It never fails to unsettle me that so many people refuse to entertain views other their long term biases. In fact most of the time they don't care to discuss them, assuming that they care to think about important social and economic issues at all. Even more disconcerting is that when world views or philosophical positions do get discussed, evidence and argument doesn't seem to convince many of anything or compel them to alter their deep-rooted views. Most stand firm to what they already believe. This is especially true of religious and, to a slightly lesser extent, political beliefs. If you present what you perceive to be good evidence or argument for socialism or anarchism, for example, people will claim that they "don't work" or are utopian dreams and will persist in holding to the ideology that dominates their present culture, namely capitalism. If you ask them to provide reasons for this, for example, why they "don't work" and for whom, you will generally elicit a blank stare.

Most people cannot seem to proceed beyond a lifetime of cultural indoctrination and the seemingly inescapable validation of the status quo. This is the essence of conservatism, the embrace of the familiar and the fear of change. If you have ever attempted to present evidence and argument against someone's religious faith, you'll understand the futility of the exercise. Faith by its very nature is impervious to evidence and argument, and I've learned by experience to avoid a pointless exercise. People believe what they prefer to believe. Religious and political beliefs, arguably the most important issues that are debateable and open to revision, are usually what their parents, their education and other cultural instruments have taught them. It seems that many have lost their innate childhood scepticism and become ossified conservatives, ingesting in its entirety the implanted and indoctrinated biases of their family, culture, religion and the relative safety and consolation of their current socio-economic status. I always considered the purpose of an education to be a process of encouraging the innate scepticism and curiosity that all children seem to have, to question all our inculcated and indoctrinated ethnocentric biases and, as is often the case, myths and fabrications. This is the essence of an intellectual life and to not live one, in my own view and that of Socrates, is a life not worth living. Scepticism is one of the basic requirements of democracy and the scientific outlook and a necessary starting point of any inquiry. But if you sincerely desire an enlightened liberal education and to learn how to think for yourself, it will likely have to take the autodidact route,  a self initiated enterprise, because with rare exception, you will not receive it from either our public or private education systems. After many years of study at universities and 30 years experience toiling in the public education system, I can attest to that. Intensive selective reading, discussion and debate with others and a lifelong commitment to scepticism and inquisitiveness can do it for you. Some of the most intelligent and knowledgeable people I know have spent little time in classrooms.

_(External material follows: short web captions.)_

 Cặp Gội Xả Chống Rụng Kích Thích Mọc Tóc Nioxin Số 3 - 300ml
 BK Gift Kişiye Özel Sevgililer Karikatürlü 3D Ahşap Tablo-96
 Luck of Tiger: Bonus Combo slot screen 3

The single most important factor propelling us toward an authoritarian  fascist police state is a complacent population that cares about nothing, thinks about nothing and does nothing. If little is asked of its citizens and they generally acquiesce to the agendas of the plutocrats who run the state, nothing will ever change. That our conservative leaders in politics and business have no ethical compass or belief in anything other than self-interest and raw power is cause for fear and trepidation. We are presently witnessing a regression to the 19th century of robber barons - a  nefarious political system of bribery and corruption, looting of the public treasury and surrender of the commons to private power and corporate control. The full embodiment of casino capitalism is this cheap, ugly, con artist out to rob you not because he must, but because he can. And when he fails at this endeavour, we replenish his stack of chips.* Rather than the secular liberal democracies they are purported to be, the United States, Canada and much of Europe are beginning to look more like Robert Mugabe's kleptocratic plutocracy in Zimbabwe. We need to reject our existing political parties, throw the bums out and initiate a complete political reformat and reboot

*My brother Mark's contribution to this thread:

"The difference today from times past is perhaps just a matter of “reset time”; yesterday, some elites would be destroyed financially and come back slowly… sometimes replaced by new incarnations (e. g., Stalinist apparatchiks, Dot Com entrepreneurs) but often just a simple “comeback” (like [Rob] Ford might accomplish in Toronto later this year).

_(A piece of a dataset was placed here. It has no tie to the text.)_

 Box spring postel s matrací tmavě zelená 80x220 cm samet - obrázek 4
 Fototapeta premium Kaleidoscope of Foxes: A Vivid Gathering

Now, the whole system seems to be like an electronic game where there is an “auto-reset” button (pressed by the US Federal Reserve and Treasury and its counterparts in Europe and Asia) that simply transfers new chips – as you call them – to the incompetent, greedy and disgraced banking and trading elites.  Now we don’t even get the benefit of new blood since “entitlement” is allowed these criminals but not persons trying to collect unemployment, health, pension, welfare and other benefits for which people suffered, fought and died for.  Rob Ford is the best caricature of this kind of criminal that I (or probably anyone else) could possibly think of…

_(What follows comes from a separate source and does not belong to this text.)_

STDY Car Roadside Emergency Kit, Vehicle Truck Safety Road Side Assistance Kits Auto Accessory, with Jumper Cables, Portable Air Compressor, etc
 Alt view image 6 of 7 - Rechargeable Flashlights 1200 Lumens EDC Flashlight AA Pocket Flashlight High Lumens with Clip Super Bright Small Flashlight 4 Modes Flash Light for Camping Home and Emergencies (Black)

Then there are those who are incompetent but protected ([Stephen] Harper, Flaherty, Baird, Moore)." 

In case you haven't noticed, the planet has been the victim of a corporatist coup during the last three decades. Your new masters are no longer kings, queens, popes, feudal lords, conservative oligarchs and aristocrats but rather the CEOs of predatory banks and financial parasites like Goldman Sachs, the same corporate crooks who now operate with impunity,  control most of the wealth, run our economies, own our politicians and are complicit in spying on you. We have now reached global levels of wealth inequality that are unprecedented in human history, ironically with the largest gaps occurring in countries such as the USA, Canada and the UK. Can anyone in  their wildest dreams consider any of these countries a democracy? If the 100 richest billionaires were a state, their combined wealth would outstrip the GDP of all but eight countries in the world. Statistics such as this are staggering and ought to shock people to action.

But the protests and civil disobedience that Chris Hedges and others are calling for will not happen until it is far too late. We're in a dire situation whereby the collapse of the economy, the environment and social fabric all seem to be converging at once. Since there is no political will within the cult of economic growth and exploitation within capitalism, the environment will most likely begin to fail first - then the economy and finally the hopelessly corrupt political apparatus. Read any good history on the fall of Rome and you' will understand much of our predicament. But, like most historical events, this sequence cannot be predicted.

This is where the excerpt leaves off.